Image Credit: Alberto Troia (Kyselina)
TECHNO Exhibition at Museion in Italy running until March 2022
Bart van der Heide, director of Museion, inaugurated the TECHNO exhibition, the first installment of a series of exhibitions under the name TECHNO HUMANITIES. TECHNO runs from September 11, 2021 – March 03, 2022, at the Museion in Bolzano, Italy. As a multi-media exhibition, it comprises an international group show, a day rave, a public program, a reader, an audio piece, and a podcast into its program.

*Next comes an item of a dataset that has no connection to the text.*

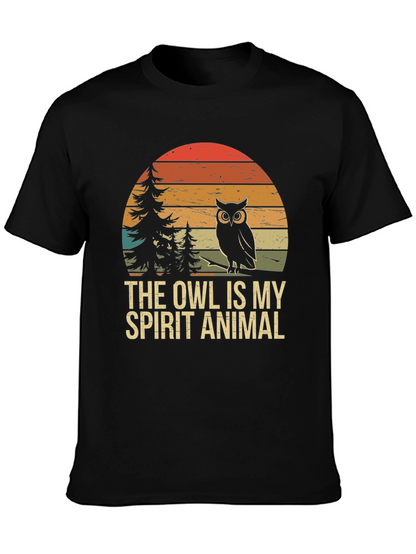 Owl Spirit Animal Graphic Tee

Considering the historical advancement of electronic dance music along the lines of globalization, van der Heide emphasizes techno’s potential to drive social change. Consequently, TECHNO’s main themes are freedom, compression, and exhaustion. In a press release, van der Heide says,
“Mediated by new technologies, techno music became the soundtrack of liberation and escape. The compressed sonic architecture of the techno club forged meaningful bonds with its community, through collective and interconnected experiences of joy, exhaustion and calculated release.”
In accordance with the ethos of interconnectedness, a variety of artists contributed to the TECHNO exhibition at Museion. Those include Riccardo Benassi, Paul Chan, Nicolò Degiorgis, Karin Ferrari, Massimo Grimaldi, CC Hennix, Tishan Hsu, Mire Lee, Ghislaine Leung, Isabel Lewis, and Piero Martinello, amongst others.

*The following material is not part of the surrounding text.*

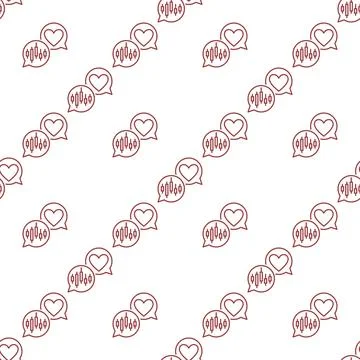 Candlestick Graph and Heart in Speech Bubbles vector Expressing Dedication .. Illustrazione stock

The TECHNO exhibition at Museion is but a first instance of the longer project TECHNO HUMANITIES. In that line of exhibitions, international contributors explore themes ranging from ecology, technology, and economy to the very core of what it means to be human.
Electronic music art exhibitions are mushrooming around the globe, and their societal function to normalize electronic music as cultural expression remains paramount. Not only does that allow for the formation of powerful individual and collective identities through cultural belonging. It also enables the social organization to further social justice projects within the electronic dance music milieu. In doing so, they align with TECHNO’s call for action to dismantle “aspects of systemic injustice, exploitation and neglect” in the multi-billion-dollar techno industry.